Where existing institutions are failing
In some areas existing putatively meritocratic structures are simply failing generating hidden crises of dysfunction and illegitimacy. The clearest example of this I know of is the extraordinary growth that’s taken place in ethics approvals. An example is best to make the point. Family by Family is a program developed in 2009 and run since then by The Australian Centre for Social Innovation which I chaired until late last year. We have conducted numerous independent evaluations of the program. Each one was fraught for reasons I need not detain the reader with here. However we’ve never had the impact of the program on children independently assessed. Why? Because the university based unit performing the evaluation advised that it was too difficult to obtain ethics approval to do so. (How ethical is that: to fly blind, or less sighted than one could be, on a central impact of the program?)

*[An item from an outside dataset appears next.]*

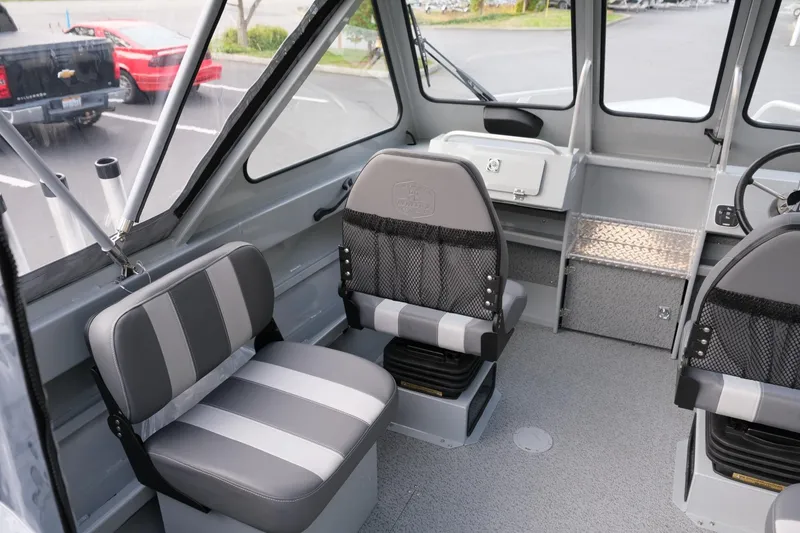 Slide: The Image of 2024 Hewescraft 180 Pro-V ET boat interior with gray seating and spacious cabin design. - 12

Ethics approval would be difficult because such an evaluation would involve asking children questions deemed ‘sensitive’ by the powers that administer ethics approvals. As it was it took a good part of a year to obtain the multiple approvals needed to ask the adults in the program those questions (which are very similar to questions they are asked in the program every few weeks!). It took even longer to obtain data from the government departments funding the program but that’s just another part of the jigsaw puzzle that, by the end had me joking with TACSI staff that I wanted a trigger warning whenever evaluation was discussed.